I think this is an important question.

If we could somehow charge a fee for every BGP changed
advertisement, perhaps scaling it in some way to reflect how much it
ripples through the whole system, and then returned a major
proportion of that fee to the folks who run DFZ routers, then we
could keep some kind of damper on the growth in the number of DFZ
routes.

Even if we could, the current BGP management system does not suit
the needs of many end-users, because it only deals with IPv4 address
space in chunks of 256 addresses.  (Actually, with the above
charging scheme, it would probably be OK to get rid of the /24
filtering and allow people to advertise prefixes as long as /32 -
they would still be paying a fee per prefix and per change of the
prefix's advertisement.)

In order to meet the needs of millions to billions of end-users, we
need to slice and dice address space very finely - and that large
number of separate prefixes is  what we are trying to avoid in the
global BGP system.

There are practical reasons why it is difficult or impossible to
introduce such charges for BGP advertisements and changes.  They are
physically introduced at multiple places all over the Net.  There is
no centralised gateway or authentication system which can tell BGP
routers which advertisements are approved and which are not.  So
charging could not be on a "turnstile" basis - pay per action - but
would have to be done on some kind of survey basis: monitoring
changes and invoicing whoever seemed to have made them.  This would
be extraordinarily messy and open to abuse.

With Ivip, charging on a turnstile basis is quite simple.  There is
(in the current model I am developing) one global stream of updates,
put together by multiple RUASes working together.  Each RUAS is
responsible for one or more MABs.  If an end-user wants their
mapping change sent out to the ITRDs and QSDs of the world, they
need to do it through this RUAS.  Whether they deal with the RUAS
directly or through one or more intermediary UASes doesn't really
matter.  The RUAS won't propagate the mapping change unless it knows
it will be paid for it.


> would the migration difficulty of doing this be harder or easier
> than Ivip? 

Charging for BGP updates would be a band-aid solution, whereas Ivip
provides lasting benefits including a new form of widely usable
mobility, fast control of load balancing, very fine slicing and
dicing of address space etc.  It is not clear how anyone could
reliably charge end-users for BGP updates.

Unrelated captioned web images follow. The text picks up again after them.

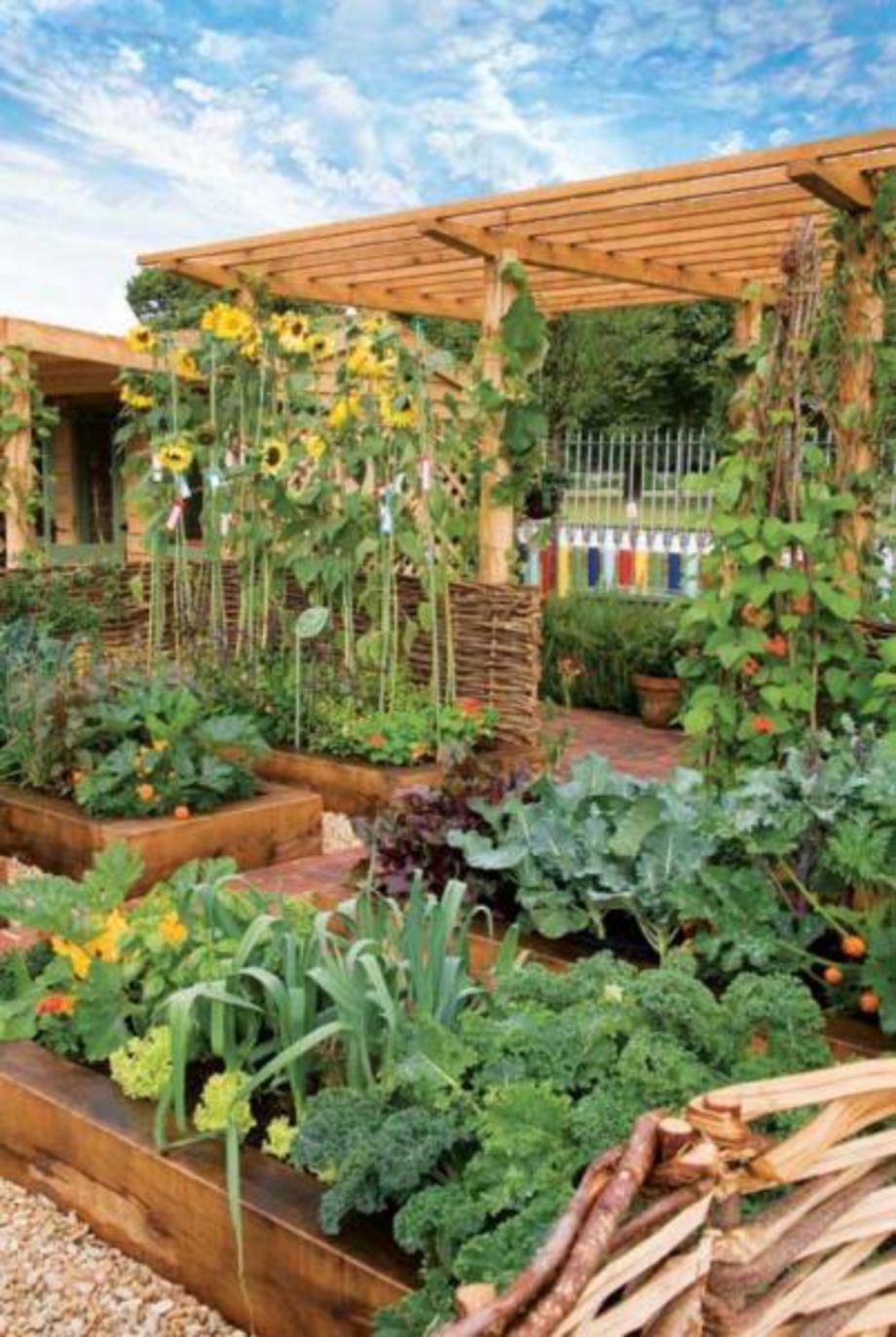 Inspiring Small Vegetables Garden Ideas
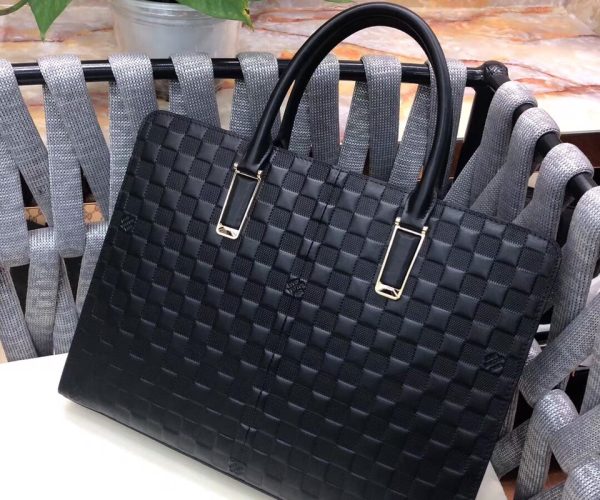 Túi xách nam Louis Vuitton siêu cấp da sần họa tiết caro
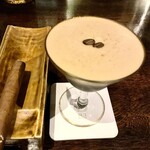 Cigar Bar SUI - カクテル「コーヒーメスカル・ネグローニ？」に懐かしい葉巻ラファエルゴンザレスのロンズデールをマリアージュさせた。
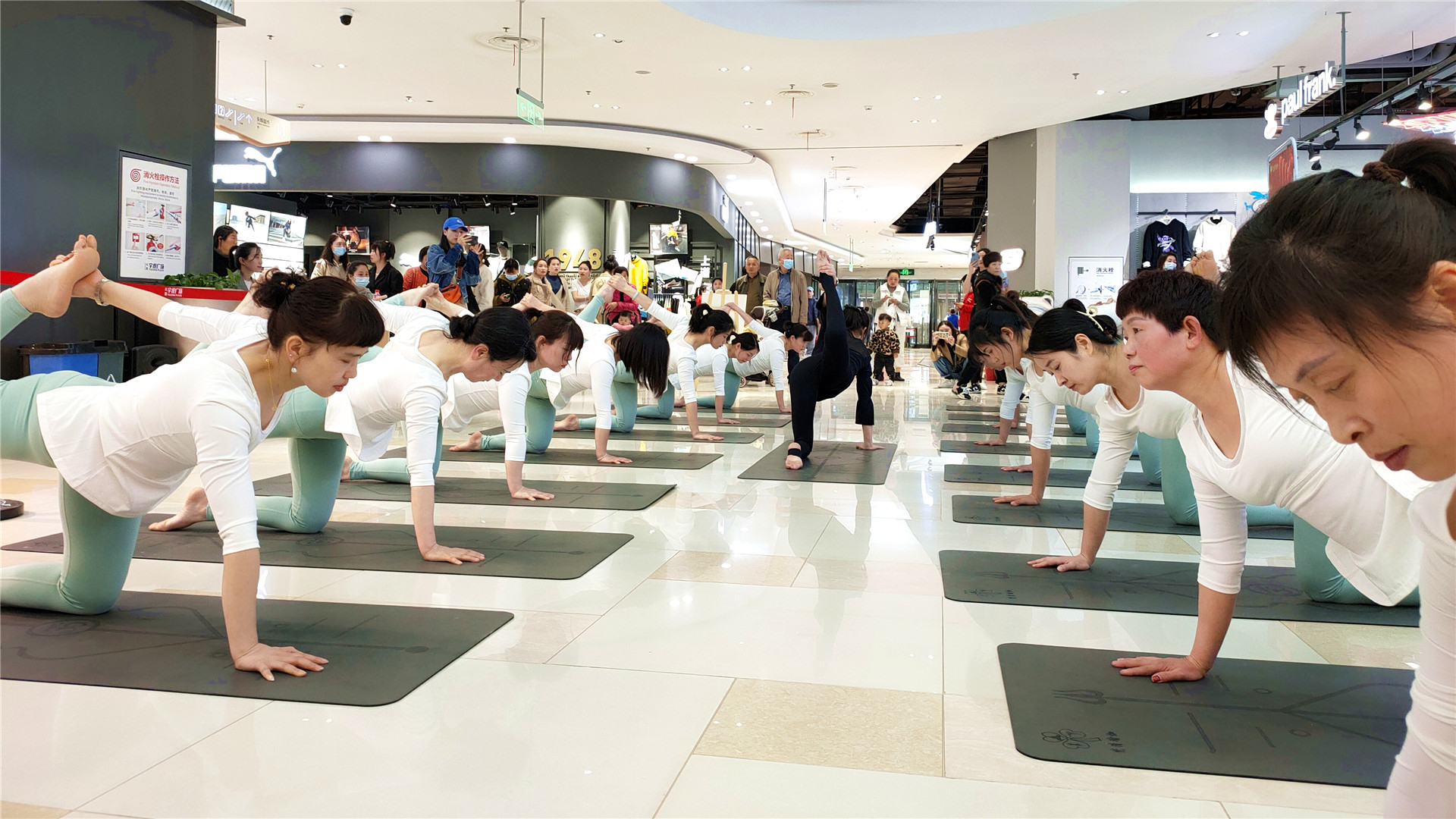 資源聯(lián)動“迎集團慶、慶三八節(jié)” (4)_副本.jpg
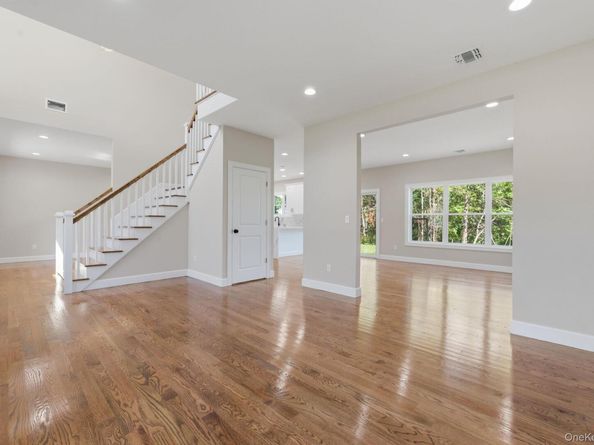 46 Washington Avenue S, Centereach NY 11720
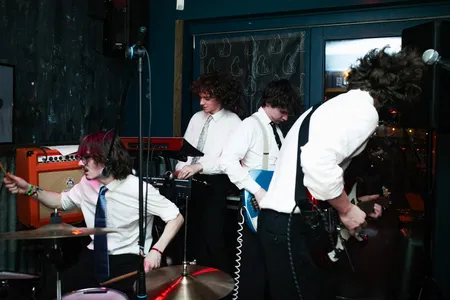 Grote Geelstaart bij Cat's Cult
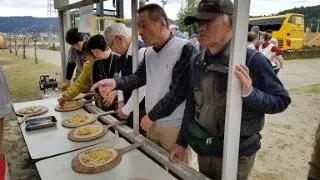 写真:ピッツァの焼き上げ待ち中の様子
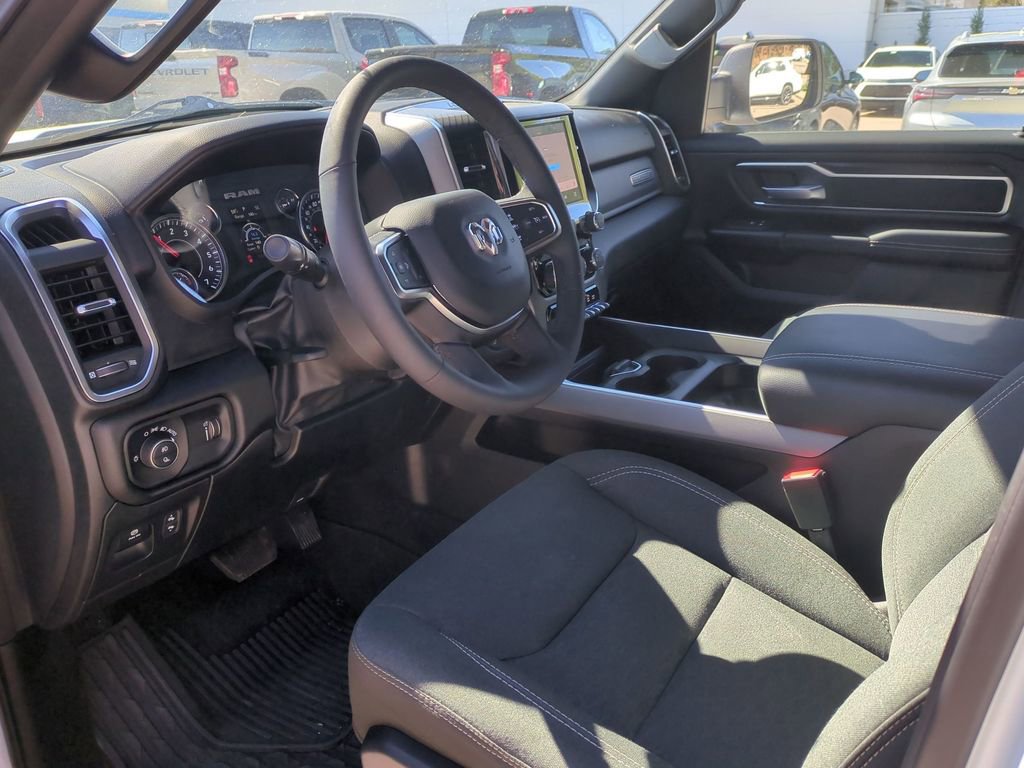 Used 2025 RAM 1500 Big Horn AWD/4WD image 12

> (*) Similarly, 'charge' wouldn't have to mean '£ money
> per msg'; in fact, you could think of today's route flap damping
> as a form of charging, and this would just be a bit more
> sophisticated.

Route flap damping is a pretty ugly form of disincentive, since it
is a problematic algorithm, distributed over the network in the form
of router software and configuration items.  Furthermore, route flap
damping can't necessarily reliably distinguish between changes which
are (however decided) "legitimate" and "unreasonable, undesirable,
unwanted - to be suppressed".


> I have a slightly unfocussed concern about introducing a new
> 'layer' of the ITR-ETRs (unfocussed meaning I can't quite put my
> finger on it, so it's hopefully wrong). Basically, in addition to
> today's inter-domain 'cloud' we have on top an ITR-ETR cloud.
> Does this effectively add another layer of policy control,
> failure management, fault tracing, perhaps even topology mgt,
> etc? 

I don't think there's anything unfocussed about your concern!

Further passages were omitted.